• _ACTIVITY_
Images do not belong in the copy; retype the rest of the entries below exactly.

• _MATERIAL SHOWN_
<<<<

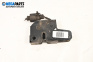Bonnet lock for Volkswagen Touareg SUV I (10.2002 - 01.2013)
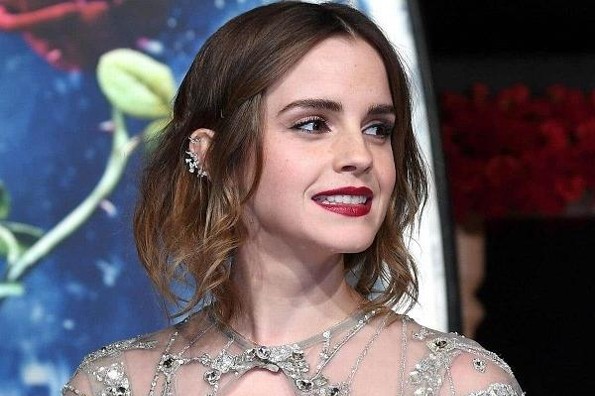 ¿Emma Watson se retira de la actuación?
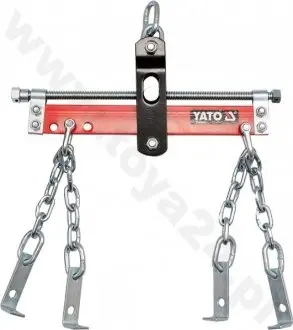 Траверса механическая YATO YT-55565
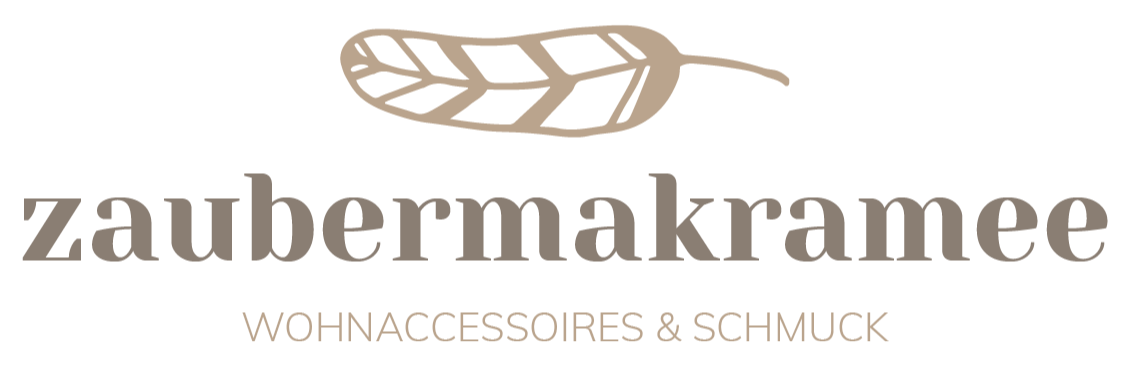 Logo-Zaubermakramee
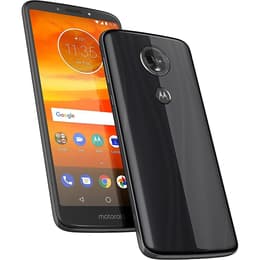 Motorola Moto E5 Plus 16GB - Nero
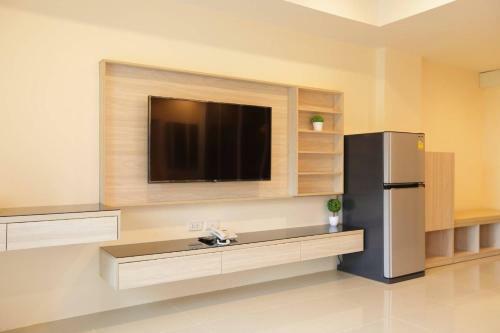 Hotel Lampang Residence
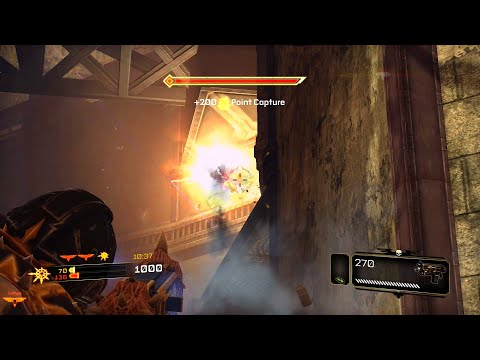 Damn Traitors 2021: Bolter in action! - Multiplayer, Warhammer 40K: Space Marine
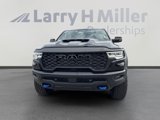 New 2025 RAM 1500 RHO w/ RHO Level 1 Equipment Group image 3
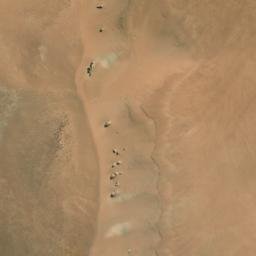 Satellite imagery of Chanca Loma, BO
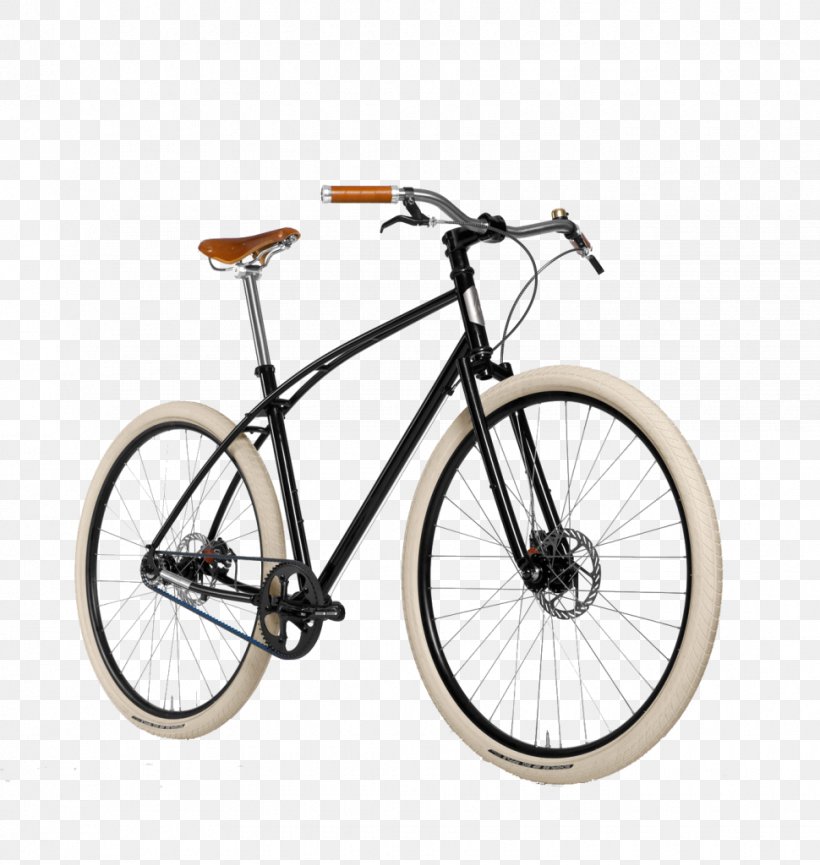 City Bicycle Bicycle Frames Cycling Hybrid Bicycle, PNG, 970x1024px, Bicycle, Beltdriven Bicycle, Bicycle Accessory, Bicycle Drivetrain Part, Bicycle Frame Download Free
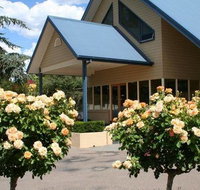 Willows Motel - Accommodation Fremantle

>>>>

• _ANSWER AREA_
Bonnet lock for Volkswagen Touareg SUV I (10.2002 - 01.2013)
 ¿Emma Watson se retira de la actuación?
 Траверса механическая YATO YT-55565
 Logo-Zaubermakramee
 Motorola Moto E5 Plus 16GB - Nero
 Hotel Lampang Residence
 Damn Traitors 2021: Bolter in action! - Multiplayer, Warhammer 40K: Space Marine
 New 2025 RAM 1500 RHO w/ RHO Level 1 Equipment Group image 3
 Satellite imagery of Chanca Loma, BO
 City Bicycle Bicycle Frames Cycling Hybrid Bicycle, PNG, 970x1024px, Bicycle, Beltdriven Bicycle, Bicycle Accessory, Bicycle Drivetrain Part, Bicycle Frame Download Free
 Willows Motel - Accommodation Fremantle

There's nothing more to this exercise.